Figure 2 illustrates the difference in value functions obtained for a given DM (with null error) using MP1 and MP2po (the criteria are described in the next section). The MP2po formulation not only avoids the atypical shape in the first criterion, it also avoids null slopes and as a consequence value is more equally distributed among the criteria.

Fig. 2
figure 2

Illustration of four value functions obtained by MP1 (above) and MP2po (below) for a given DM

3 Application to learning preferences for vehicle technologies

Transportation is responsible for an important share fossil fuels use, associated with 24.6% of the greenhouse gas emissions in the EU in 2017 (European Comission 2019). Yet, uptake of alternative fuel vehicles, such as electric and hybrid vehicles, has been slow, motivating many studies to understand consumer preferences (e.g., Oliveira and Dias 2019; Christidis and Focas 2019), as well as the context used in the present study.

The dataset for this research was built from face-to-face interviews with 128 voluntary participants, potential buyers of a vehicle. Basic demographic information is presented in Table 1. This sample is not representative of the entire Portuguese population, as younger consumers (55.5%) and males (63.3%) are clearly overrepresented.

Table 1 Population interviewed

Each participant performed two tasks. First, he or she responded to a stated preference questionnaire with 14 questions (in “Appendix”). Each question presented three alternatives from which the participant should indicate the most preferred one. The use of three alternatives is common for choice-based experiments (e.g., Caulfield et al. 2010; Hoen and Koetse 2014; Wolbertus et al. 2018) to approximate the experiment to a real purchase context and also because it increases the efficiency of the survey design (Kuhfeld et al. 1994; Pinnell and Englert 1997).

The 14 questions result from a fractional factorial design, obtained from XLSTAT software. The design combines the attribute levels in Table 2, in order to minimize the number of questions necessary to estimate efficiently preferences for different products (Kuhfeld 2003), as usually done in consumer preference studies (e.g., Caulfield et al. 2010; Hackbarth and Madlener 2016). Although the levels are realistic, their combinations do not necessarily correspond to a real alternative.

Table 2 Attribute levels used for the fractional factorial design

The set of criteria was chosen based on a previous study (Oliveira and Dias 2015) where Portuguese consumers were asked to name criteria important to them, but excluding criteria that are not specific to the vehicle powertrain (e.g., manufacturer, aesthetics): Cost to purchase, Range (distance that can be driven without fueling/charging the vehicle), Mileage (measured in terms of fuel cost per 100 km), and Emissions (CO2 emissions per km). The answers to the 14 questions define the set of judgments J for each respondent (28 preference statements, as the participants always needed to prefer one of the choices).

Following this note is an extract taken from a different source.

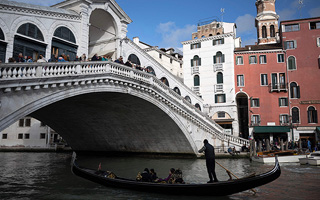 Venecia es desde hoy la primera ciudad del mundo en la hay que pagar para entrar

The answers are used to infer a value function as described in Sect. 2, making it possible to forecast how these respondents would evaluate a set of vehicles based on those existing in the market, depicted in Table 3: BEV (Battery Electric Vehicle); BEV+ (Battery Electric Vehicle with greater range); HEV (Hybrid Electric Vehicle); Gasoline (Gasoline vehicle); Diesel (Diesel vehicle); and PHEV (Plug-in Hybrid Electric Vehicle). The performances of these vehicles lay within the bounds used in Table 2. However, it was not possible to know the real preferences (revealed preferences) of the participants concerning those vehicles.

Table 3 Performance table (based on representative vehicles in the market)

As an approximation, a second task in the interview consisted in examining these vehicles in detail through a step-by-step construction of a value function for each criterion using the bisection method, followed by trade-off questions for weights elicitation, as traditionally done to elicit an additive value function (Belton and Stewart 2002; Goodwin and Wright 2014). The bisection method was chosen as it leads the participants to apprehend the concept of strength of preference (or preference intensity) better than simply asking for a direct rating. The trade-off questions were chosen instead of a swings-based elicitation as these questions lead the participants to acknowledge and fine-tune compensation among criteria. This requires the respondents to think hard about their preferences, which can be a benefit, but it did not demand too much effort as the number of bisection questions (three per criterion) and trade-off questions (three in total) was not very high.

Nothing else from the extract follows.